DATA TO USE:
*** Block opens ***
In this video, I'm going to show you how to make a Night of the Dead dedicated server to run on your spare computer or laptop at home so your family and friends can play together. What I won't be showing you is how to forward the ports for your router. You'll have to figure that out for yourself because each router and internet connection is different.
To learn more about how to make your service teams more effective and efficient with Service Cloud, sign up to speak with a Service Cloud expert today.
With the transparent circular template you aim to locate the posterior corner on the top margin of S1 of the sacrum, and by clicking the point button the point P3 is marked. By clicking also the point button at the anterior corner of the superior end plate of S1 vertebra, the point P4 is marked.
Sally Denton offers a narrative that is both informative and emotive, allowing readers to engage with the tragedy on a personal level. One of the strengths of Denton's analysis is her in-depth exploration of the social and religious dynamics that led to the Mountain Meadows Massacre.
*** Block closes ***
*** Block opens ***
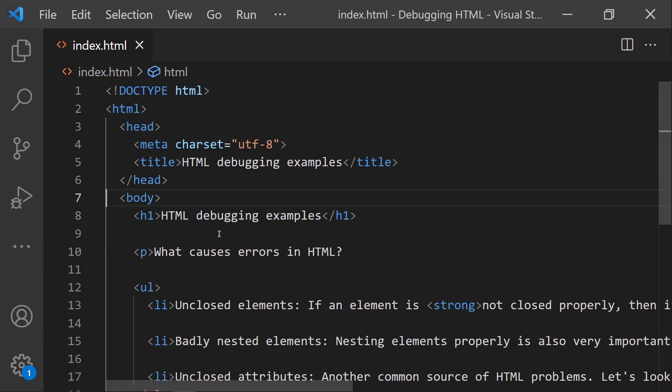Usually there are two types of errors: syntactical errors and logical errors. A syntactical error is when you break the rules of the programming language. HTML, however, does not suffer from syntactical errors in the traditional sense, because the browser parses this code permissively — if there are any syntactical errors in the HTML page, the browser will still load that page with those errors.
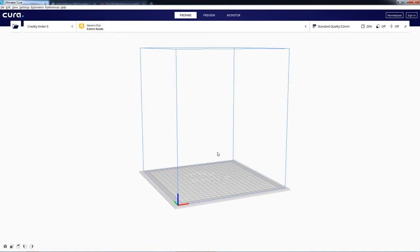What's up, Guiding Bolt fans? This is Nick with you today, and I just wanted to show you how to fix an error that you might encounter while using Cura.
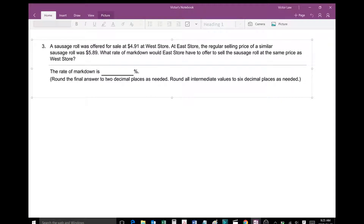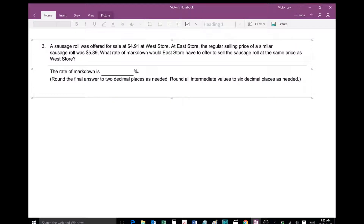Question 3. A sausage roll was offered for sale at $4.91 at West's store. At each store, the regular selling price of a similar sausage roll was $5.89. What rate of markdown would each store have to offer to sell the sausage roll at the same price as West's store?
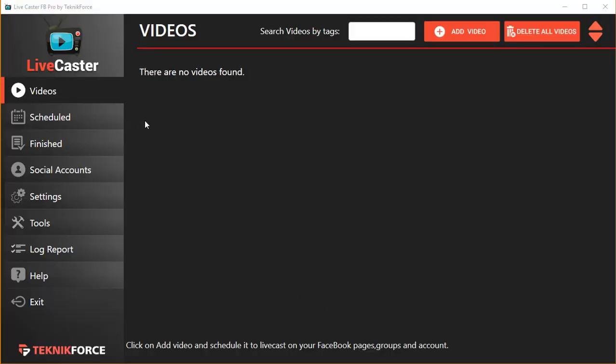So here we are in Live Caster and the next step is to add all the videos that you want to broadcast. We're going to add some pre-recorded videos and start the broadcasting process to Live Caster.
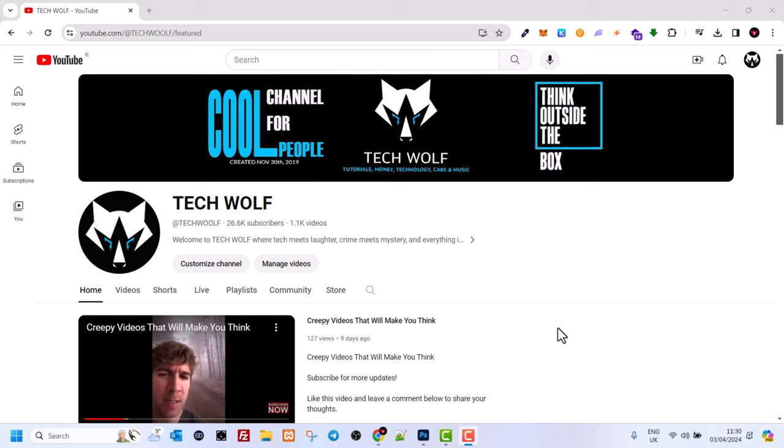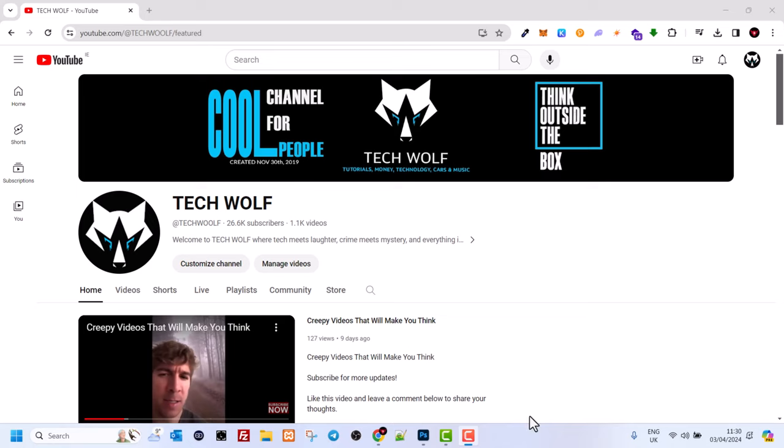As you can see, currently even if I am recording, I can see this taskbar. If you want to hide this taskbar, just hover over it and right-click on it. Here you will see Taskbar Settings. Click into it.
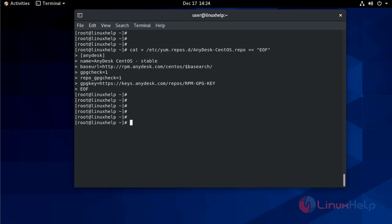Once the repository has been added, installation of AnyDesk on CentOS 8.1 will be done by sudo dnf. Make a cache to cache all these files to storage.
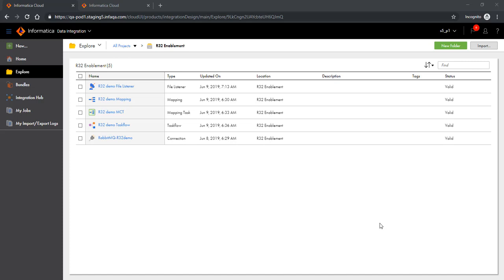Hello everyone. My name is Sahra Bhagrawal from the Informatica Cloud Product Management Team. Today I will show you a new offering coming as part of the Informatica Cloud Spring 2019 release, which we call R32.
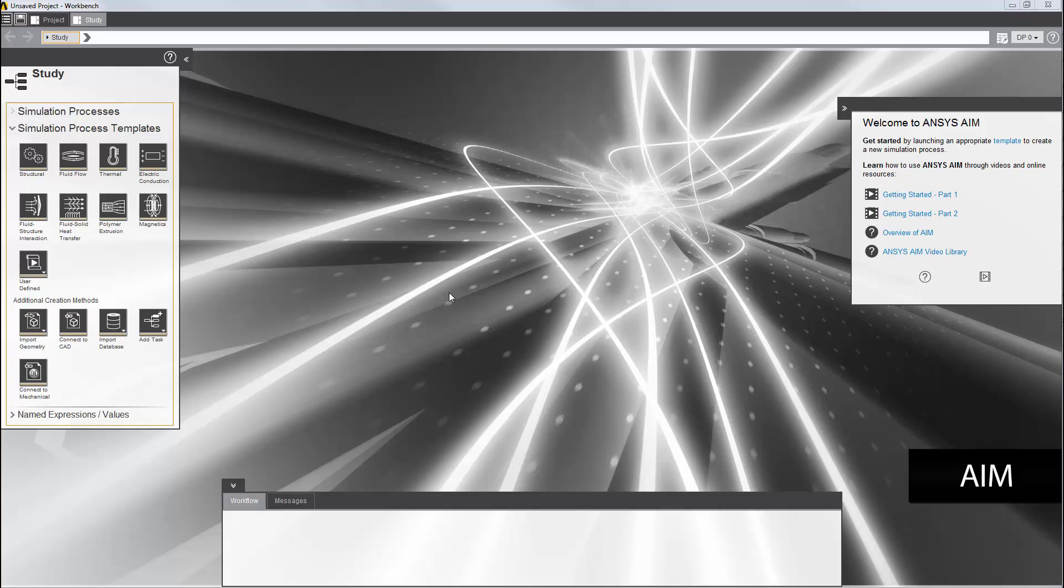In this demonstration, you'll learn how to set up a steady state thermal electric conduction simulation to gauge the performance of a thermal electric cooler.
*** Block closes ***
PROBLEM TO SOLVE:
What belongs in the answer is each line above from the line with "As you can see, currently" to the line with "In this demonstration, you'll", inclusive, reproduced exactly and free of pictures.

ANSWER SPACE:
As you can see, currently even if I am recording, I can see this taskbar. If you want to hide this taskbar, just hover over it and right-click on it. Here you will see Taskbar Settings. Click into it.
Once the repository has been added, installation of AnyDesk on CentOS 8.1 will be done by sudo dnf. Make a cache to cache all these files to storage.
Hello everyone. My name is Sahra Bhagrawal from the Informatica Cloud Product Management Team. Today I will show you a new offering coming as part of the Informatica Cloud Spring 2019 release, which we call R32.
In this demonstration, you'll learn how to set up a steady state thermal electric conduction simulation to gauge the performance of a thermal electric cooler.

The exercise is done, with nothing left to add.